[[ Data section open ]]

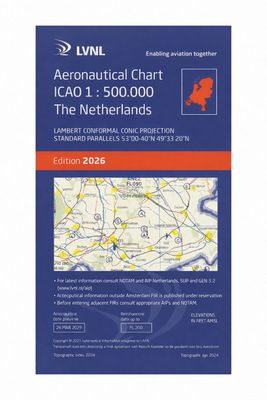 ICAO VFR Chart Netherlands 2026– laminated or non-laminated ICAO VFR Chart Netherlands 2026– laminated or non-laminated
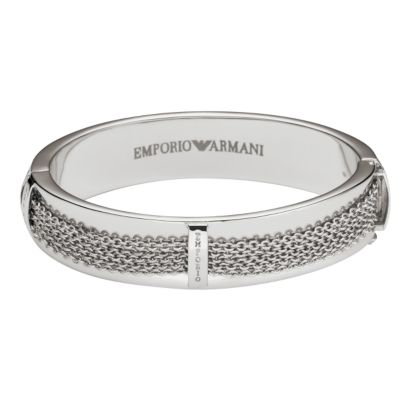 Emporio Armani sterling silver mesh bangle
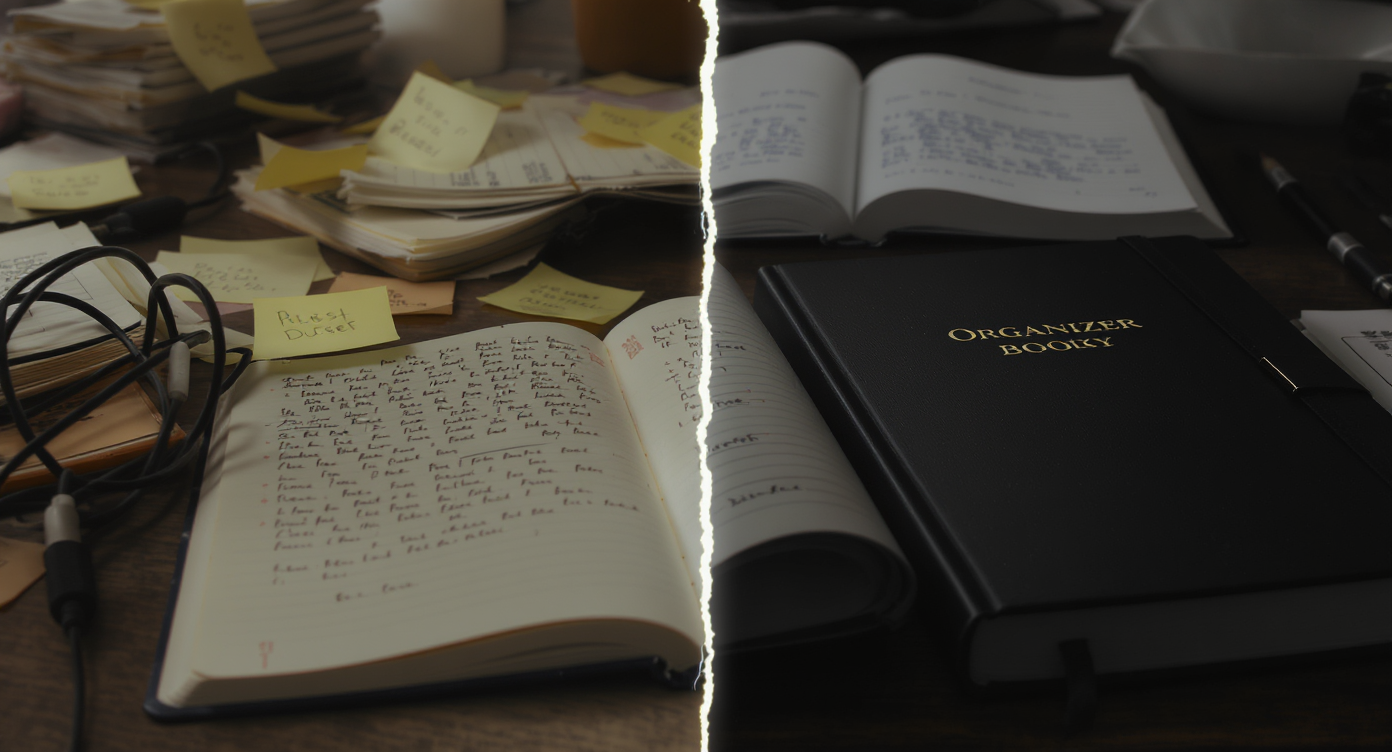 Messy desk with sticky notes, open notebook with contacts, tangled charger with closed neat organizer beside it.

[[ Data section closed ]]

Set down the material exactly as given, but print none of the pictures.

Answer section:
 ICAO VFR Chart Netherlands 2026– laminated or non-laminated ICAO VFR Chart Netherlands 2026– laminated or non-laminated
 Emporio Armani sterling silver mesh bangle
 Messy desk with sticky notes, open notebook with contacts, tangled charger with closed neat organizer beside it.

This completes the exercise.